How you can focus on UX is dependent on several things which will be personal to your business, and always starts with your points of contact. For example, your website, social media and shop front, as well as telephone line. Whatever channel you are getting your custom through, you need to think about how it feels to be a customer at that point. What do they want? What could make the experience easier? With international expansion, this will mean having the main website translated into the native language(s) of country(ies) you are expanding to.

Language & Its Permutations

UX does not end with an easy website. It covers everything from how the customer journey begins, how their queries are answered, how they pay and what aftercare they receive. You will need to carry out effective research prior to expansion in order to make sure that your touchpoints have the right language, but not just in terms of English and overseas languages, rather in terms of understanding relevance to the area you are expanding to. This covers language, and if it is within the same country, this can vary from place to place. For example, there are over fifteen colloquial words for bread rolls used in the UK. If you’re expanding from Northampton to Yorkshire you may find your bap becomes a cob!

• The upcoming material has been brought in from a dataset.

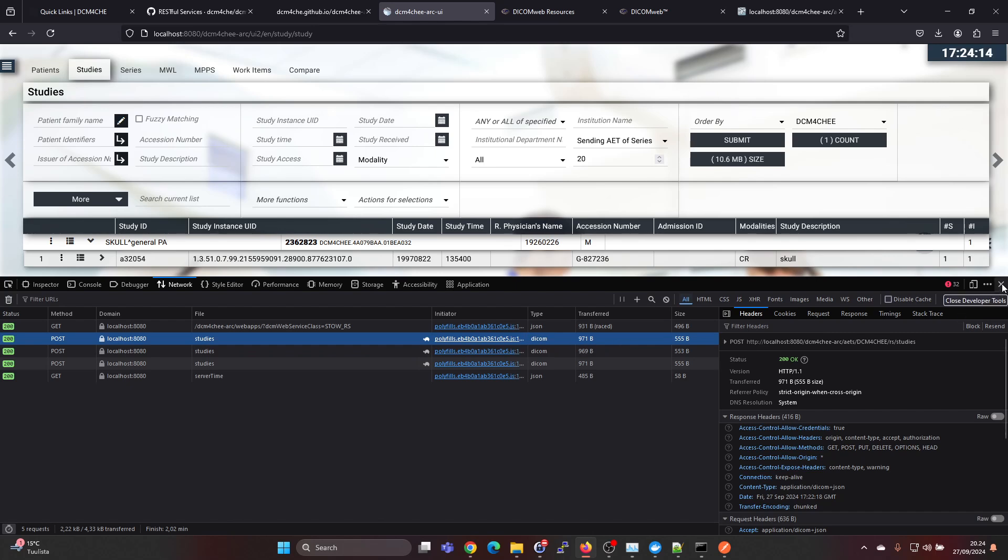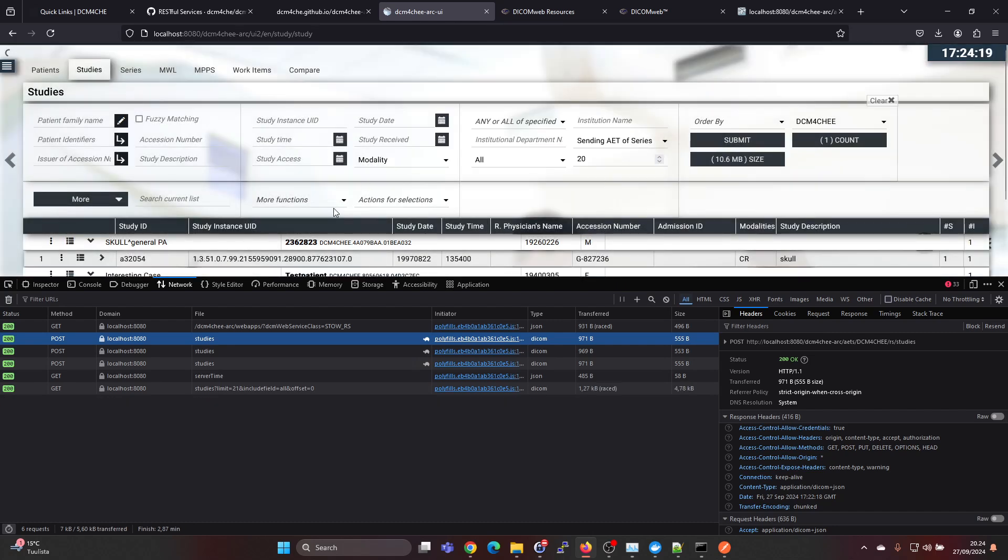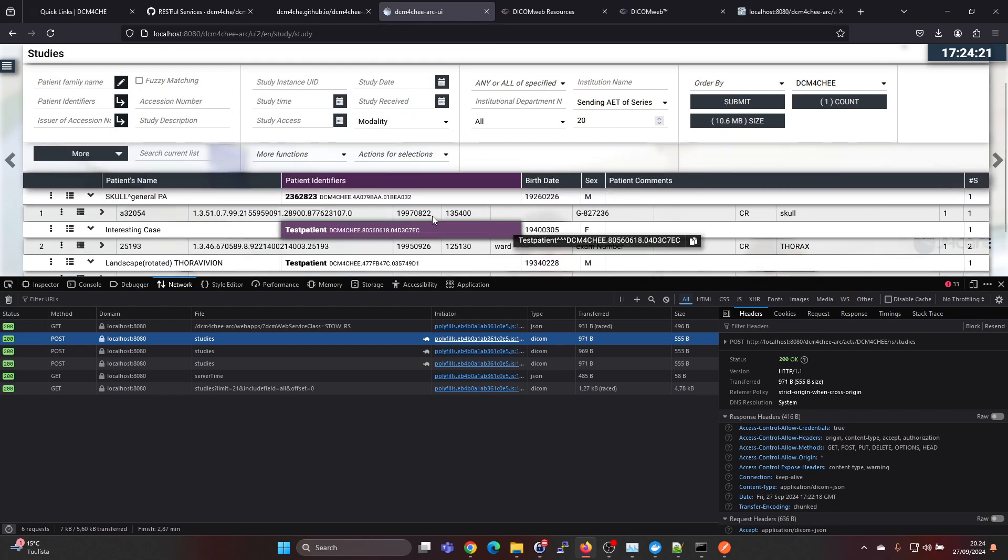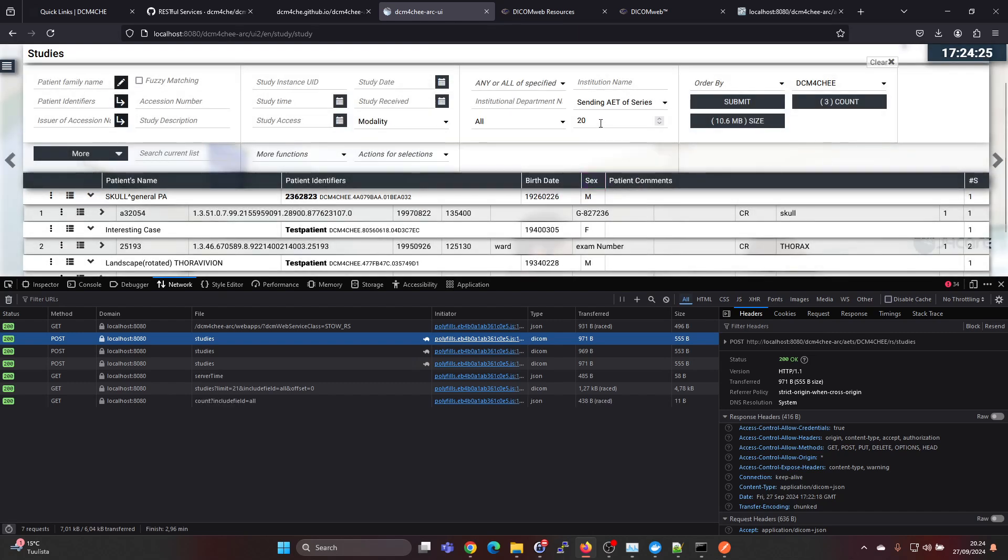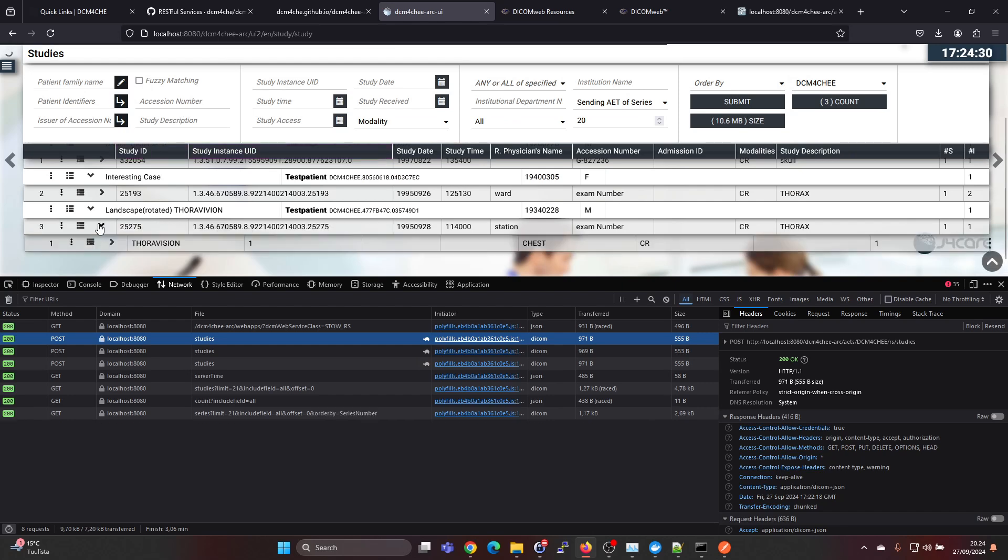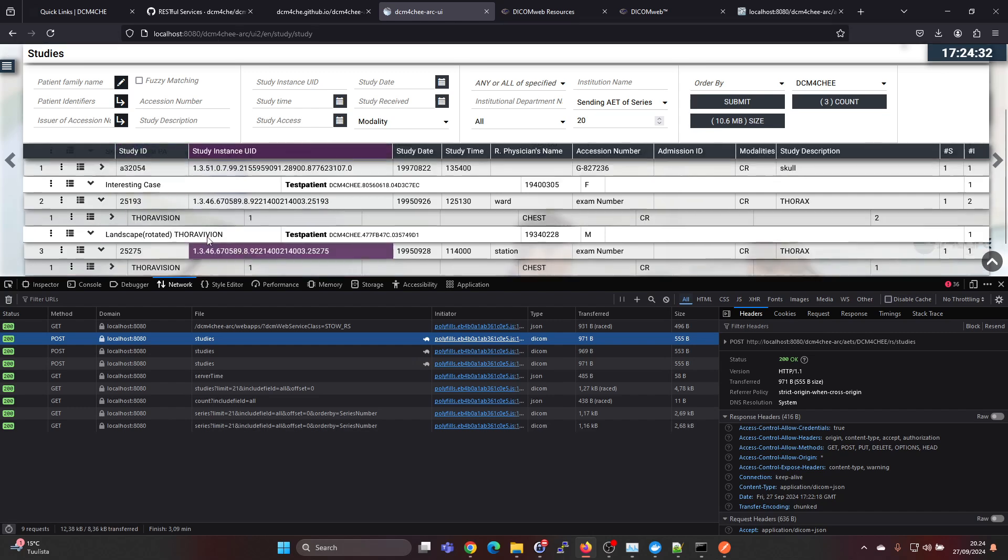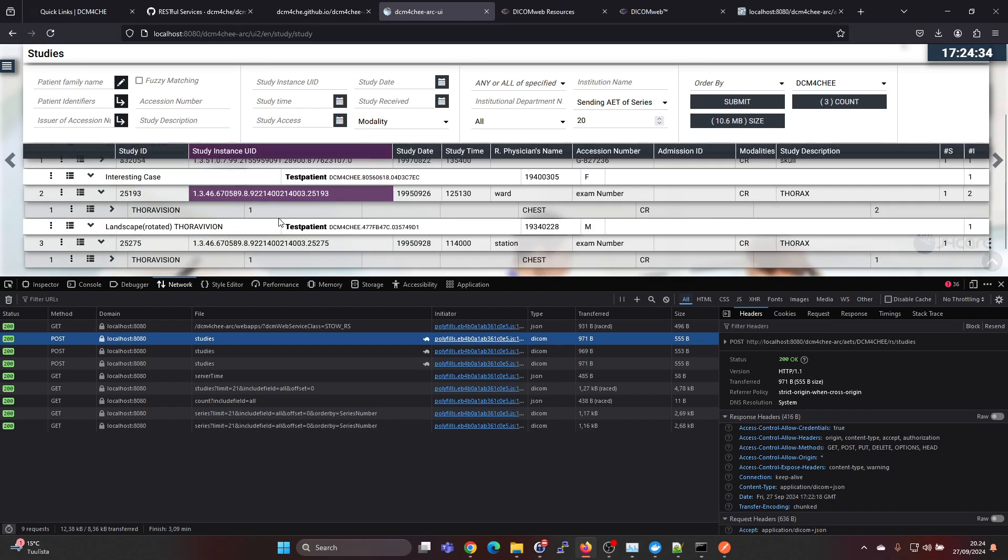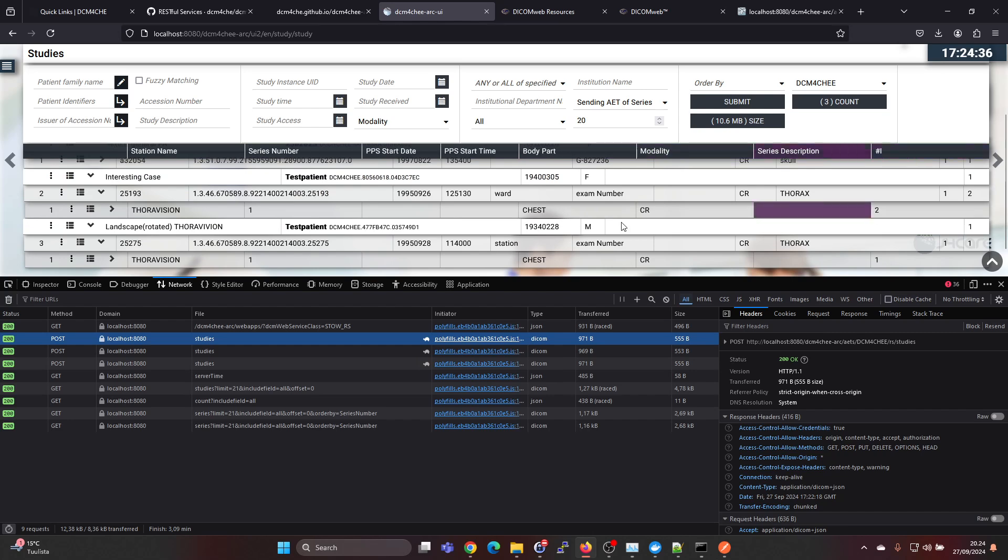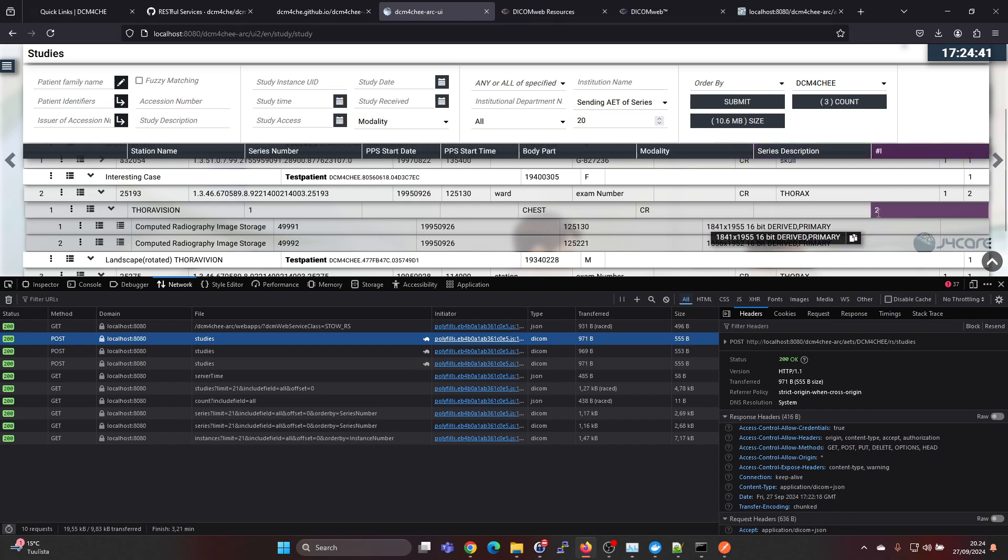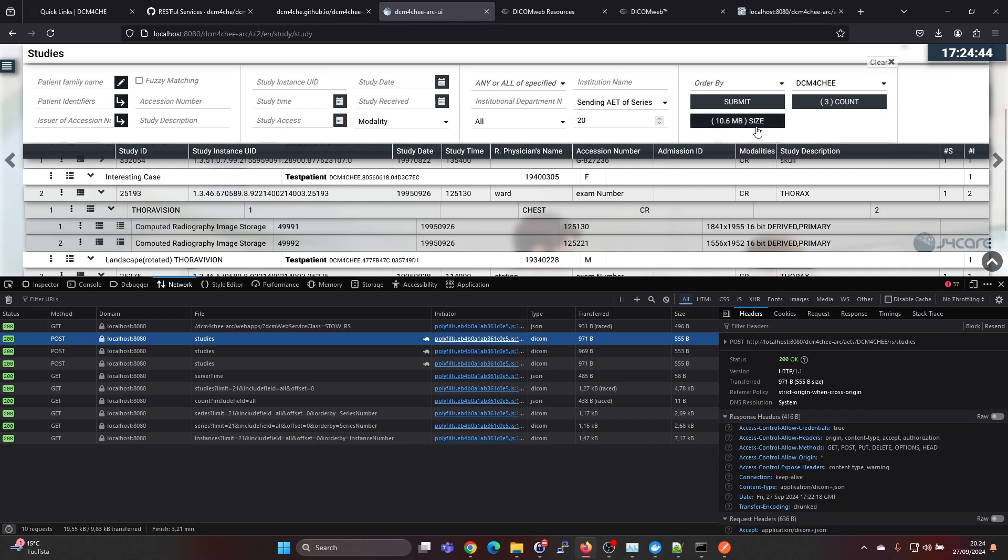Now if you go back here again Dicom4ChE and press on submit we should see some additional content here. We had one study previously, now we have three studies. I guess two of the images were for the same study and one was separate.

Also known as context, this is a key part of expanding anywhere. Research the customs and culture of the area. For example, if you were to be expanding to somewhere with a larger Muslim community, or indeed a Muslim country, you may find it helpful to know that a thumbs up symbol is actually very offensive. Similarly China, Japan and some other Asian countries consider the number four to be bad luck and gift sets in these laces tend to either be for three or five. Even if your expansion is not into another country, finding out what is relevant to the locals where you are planning to go will be helpful in making sure no toes are trodden on.

Legal Issues

Expanding to another country and setting up any premises there can be a legal minefield and it is always best to seek legal advice from experts. Firms like Withers LLP have a team of specifically trained advisers in matters of international immigration, including business legal advice overseas. Take time to get as much advice in this process as possible, in order to achieve a smooth expansion. Having someone well versed in the process will be a comfort, as well as ensuring everything you do is correct in the eyes of the law.

These are exciting times for startups and with a bit of guidance, expanding should be driven forward.